For over 10 years, Skype enjoyed selling the world security by obscurity. We
must admit, really good obscurity. I mean, really really good obscurity. So
good that almost no one has been able to reverse engineer it out of the
numerous Skype binaries. Those who could, didn’t dare to publish their code,
as it most certainly looked scarier than Frankenstein.

The time has come to reveal this secret. <http://cryptolib.com/ciphers/skype>
contains the greatest secret of Skype communication protocol, the obfuscated
Skype RC4 key expansion algorithm in plain portable C. Enjoy!

Why publish it now? - It so happened that some of our code got leaked a couple
of months ago. We contacted Skype reporting the leak. Only weeks later, our
code is already being used by hackers and spammers and we are abused by Skype
administration. I do not want to go into any finger-pointing details here, but
naturally, we do not wish to be held responsible for our code being abused. So
we decided that the time has come for all the IT security experts to have it.
Why let the hackers have the advantage? As professional cryptologists and
reverse engineers, we are not on their side. Skype is a popular and important
product.
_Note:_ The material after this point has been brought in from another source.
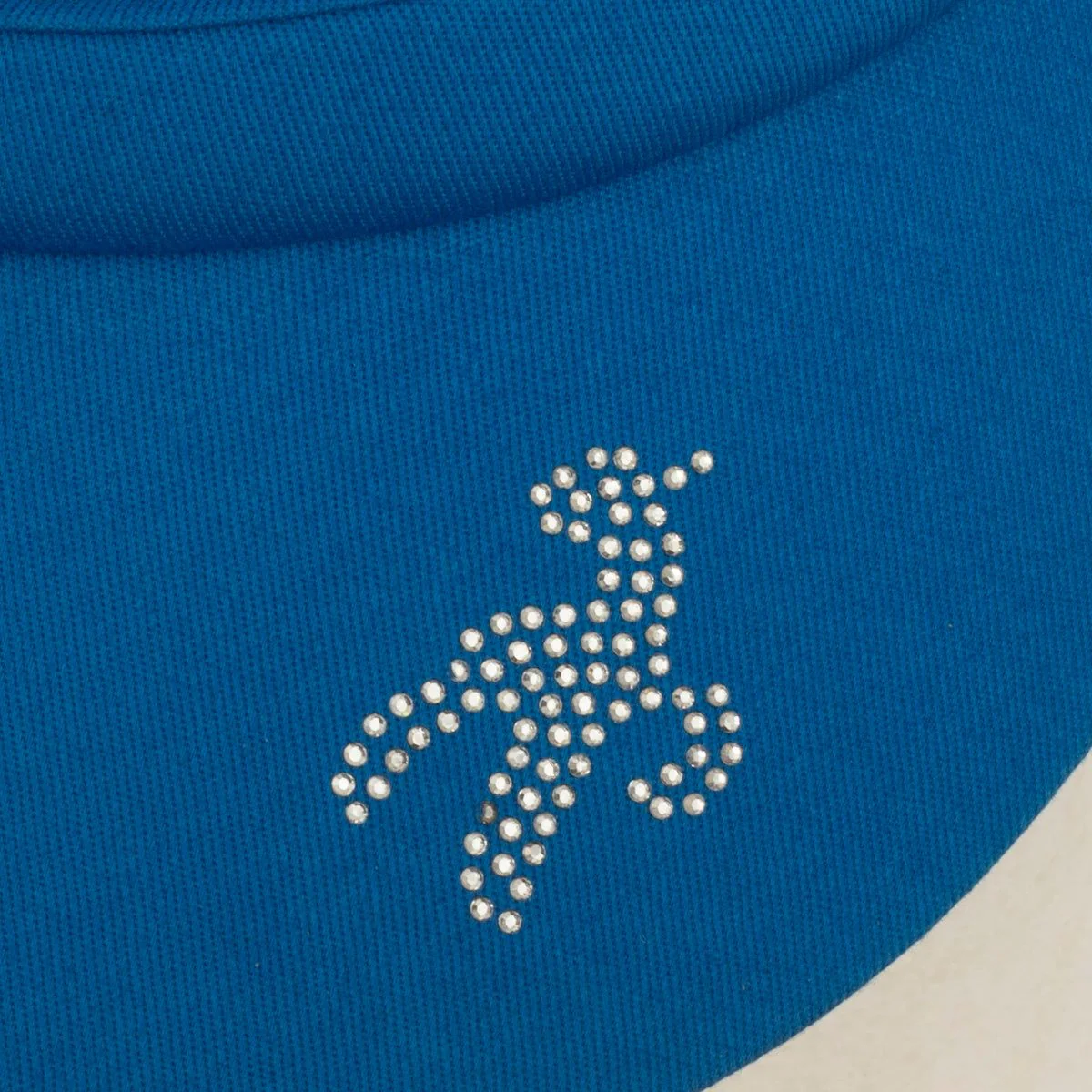 Green Lamb Ladies Hayden Diamante Golf Visor SG19768 - Image 2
We believe that this publication will help the IT security community
help secure Skype better.

However, for the time being, we are not giving away a licence to use our code
for free in commercial products. Please contact us if you need a commercial
licence.

It is not all security by obscurity of course. There is plenty of good
cryptography in Skype. Most of it is implemented properly too. There are seven
types of communication encryption in Skype: its servers use AES-256, the
supernodes and clients use three types of RC4 encryption - the old TCP RC4,
the old UDP RC4 and the new DH-384 based TCP RC4, while the clients also use
AES-256 on top of RC4. It all is quite complicated, but we’ve mastered it all.
If you want to know more, come to Berlin for 27C3 to hear all the juicy
details on how to use this function to decrypt Skype traffic.

With best regards, Skype Reverse Engineering Team"

------
suxargs
How come the skype protocol havent been reverse engineerd and 3rd party
clients been implemented years ago?

Most things popular like this already are, and also the official client suck
balls, so extra motivation there.